Last night, Bennie Zee's scissor-clipping voice had gone off on her, again. This time, it was for trying to crash his private party. The time before that was for mixing Russian vodka instead of Puerto Rican rum into a fat lady's cocktail. Like pieces of flint struck together, the sparks just seemed to fly whenever the two of them were around each other. One of these days, one of them would sustain serious injury if they kept going on like that, and the one getting injured wasn't going to be Bennie Zee.

Suma's cabin was a mile south of the city limits. The dense, tropical terrain of the Had Rin hills separated two beaches on the island's southern peninsula. Sunset Beach—Had Rin Nai Beach to local Thais—was on the island's west coast. Its companion, Sunrise Beach—Had Rin Nok Beach—was on the east coast. Sunrise was without question the more popular of the two beaches. A beautiful, idyllic place, it hosted the world-famous Full Moon Beach Party.

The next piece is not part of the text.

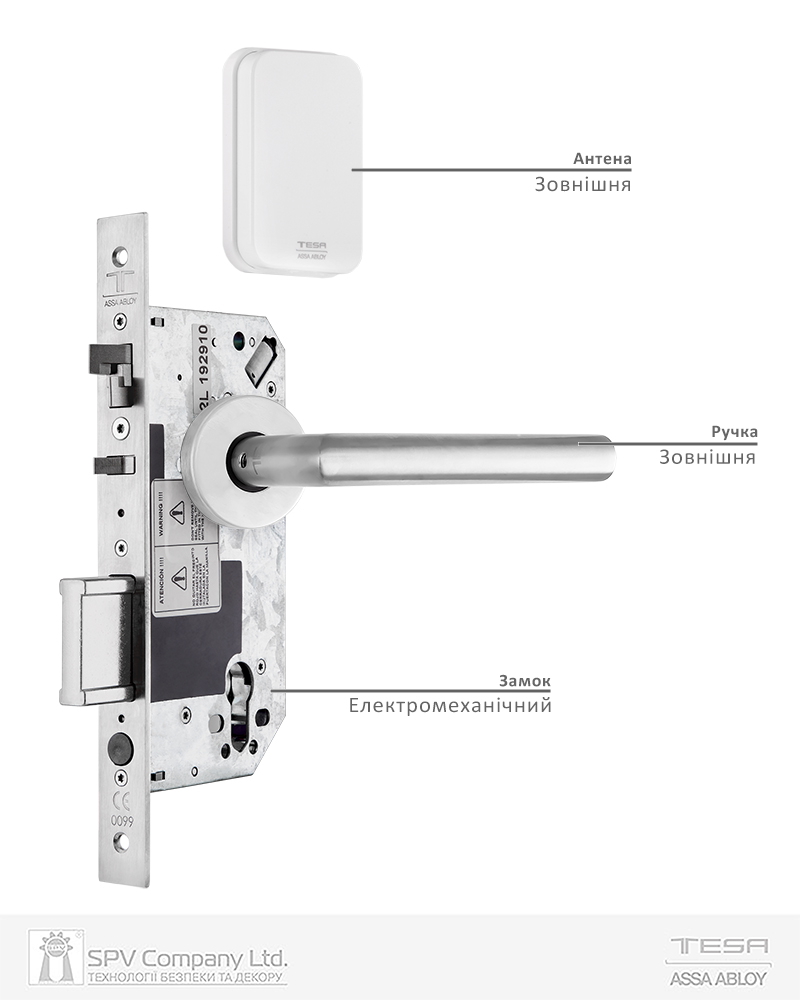 Фото Замок TESA I-VOLUTION   MIFARE WIRELESS+BLE білий P ADB-електромеханічний BS60мм 23 мм Squared WHITE UNIV EXT в інтернет-магазині lock.ua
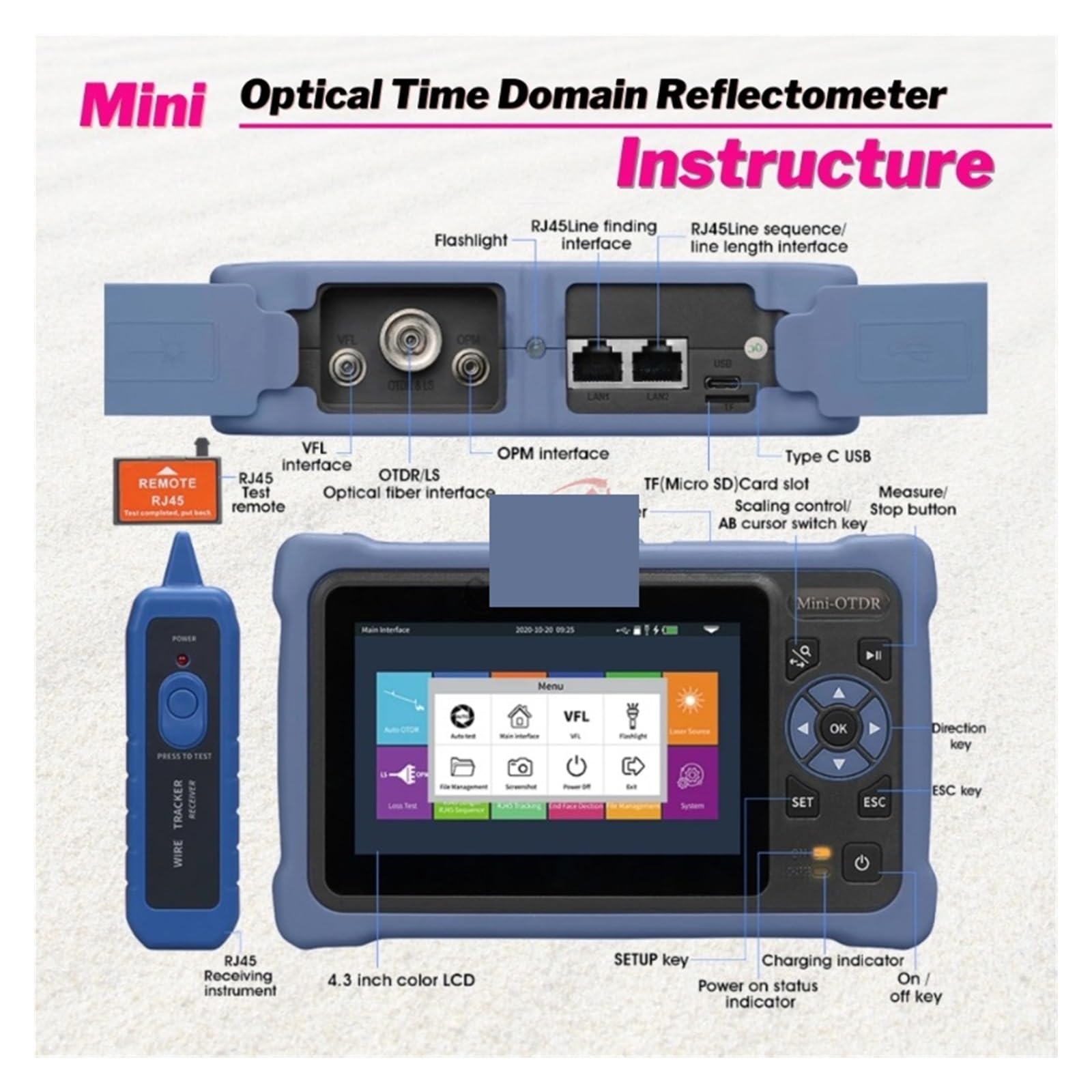 Glasfaserkabeltester, Neuer 60-100 km MINI OTDR 1310/1550 nm Glasfaser-Reflektometer, Touchscreen VFL OLS OPM Ereigniskarte Ethernet-Kabeltester(CL880A 1550nm)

Hurrying along a path through the small, rocky foothills, Suma breathed hard. Her lungs felt raw and sore, like the lungs of a first-time jogger. She had a lot on her mind right now. Her life was forever in a state of chaos. There was Seabury and Bennie Zee to think about. Lawan—looming out there on the horizon—expected her to change, but she knew she had to stop. It wasn't good to act so serious all the time. She had to learn to relax.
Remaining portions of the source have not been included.